The English word 'entertain' entered the language in the late fifteenth century, borrowed from Old French 'entretenir,' a compound of 'entre-' (among, between, from Latin 'inter') and 'tenir' (to hold, from Latin 'tenere'). The literal meaning is 'to hold among' — to keep something or someone held within a social or mental space.
The word's semantic development in English is a study in how a single metaphor can branch into seemingly unrelated meanings that all remain connected at the root.
The earliest English sense of 'entertain' was 'to maintain' or 'to keep in a certain condition' — close to the Old French meaning. One could 'entertain' a fortification (maintain it), 'entertain' an army (keep it provisioned), or 'entertain' a friendship (keep it alive). This sense is now obsolete in everyday usage but survives in the phrase 'to entertain a notion' or 'to entertain an idea,' which means to hold a thought in mind, to maintain it among one's considerations.
The hospitality sense — to receive and host guests — emerged by the early sixteenth century. To entertain guests was to hold them among your household, to receive them into your domestic space and provide for their comfort and pleasure. This sense connects directly to the etymological meaning: the host holds the guest among (inter) the resources and society of the household.
From hosting guests, the word naturally extended to the specific acts of amusement and enjoyment that a host might provide. If entertaining guests meant hosting them, then entertainment was whatever kept them engaged and pleased — music, stories, games, feasting. By the late sixteenth century, 'entertainment' had become an independent concept, no longer tied to specific acts of hospitality but referring to any form of amusement or diversion.
The modern entertainment industry — film, television, music, gaming, streaming — uses the word in this fully abstracted sense. An 'entertainer' is someone whose profession is providing amusement, whether as an actor, musician, comedian, or performer of any kind. The 'entertainment industry' is one of the largest sectors of the global economy, and its name traces back to the simple metaphor of a medieval host holding guests among pleasant things.
The intellectual sense — 'to entertain an idea' — is actually the oldest surviving branch of the word's meaning in English. When one entertains a hypothesis, a proposal, or a possibility, one is doing exactly what the Latin etymology describes: holding it among (inter) one's thoughts, giving it temporary residence in the mind, neither accepting nor rejecting it but keeping it present for examination. This is the most etymologically faithful sense of the word, yet it is often perceived as a secondary or metaphorical extension of the 'amusement' meaning.

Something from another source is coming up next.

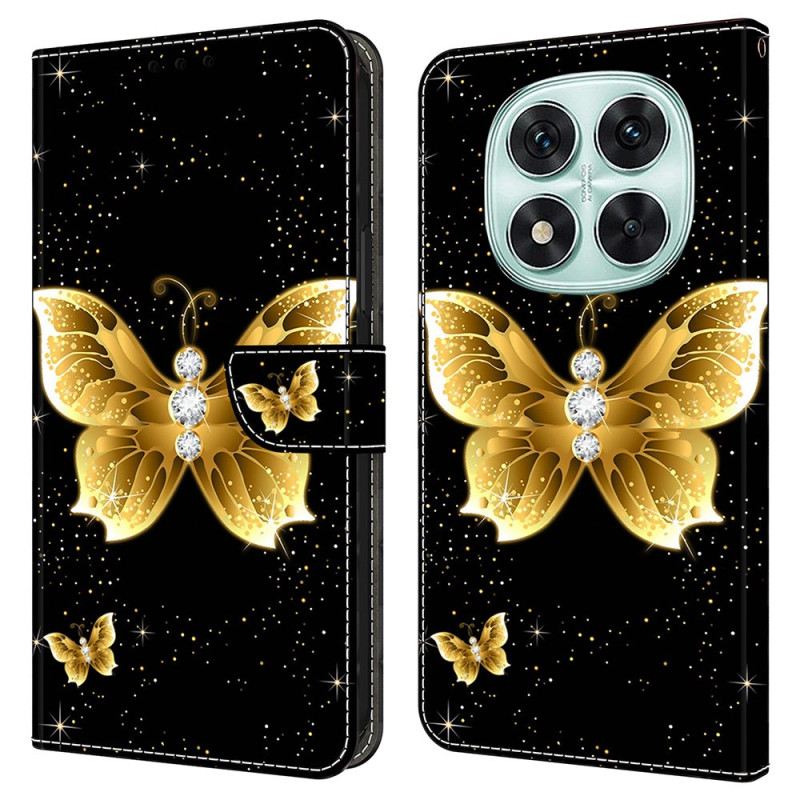 Kinyitható Bőrtok Xiaomi Redmi Note 14 Pro 4g Arany Pillangók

French 'entretenir' retained a broader semantic range than its English descendant. In modern French, 'entretenir' primarily means 'to maintain' or 'to keep up' (entretenir une maison, to maintain a house; entretenir des relations, to maintain relations), and 'un entretien' is a conversation or an interview — an exchange held between (entre) people. The French word preserved the 'maintain' and 'converse' senses that English largely dropped.
Within the '-tain' family, 'entertain' is the most semantically adventurous member. Where 'contain' holds together, 'detain' holds back, 'retain' holds onto, 'maintain' holds up, 'sustain' holds from below, 'obtain' reaches toward, and 'abstain' holds away, 'entertain' holds among — keeping someone or something engaged within a social or cognitive space. The prefix 'inter-' (among) gives it a uniquely social character: entertaining is fundamentally about the interaction between a host and guests, between a mind and its ideas, between a performer and an audience.
The transition of 'entertain' from a general-purpose word meaning 'to maintain' to a specialized word meaning 'to amuse' reflects a broader cultural shift. As European societies became more affluent and leisured, the specific act of providing amusement became economically and culturally important enough to claim a dedicated word. That the English language repurposed a word meaning 'to hold among' for this purpose says something about how entertainment was understood: as the art of holding people's attention, keeping them engaged within a shared experience of pleasure.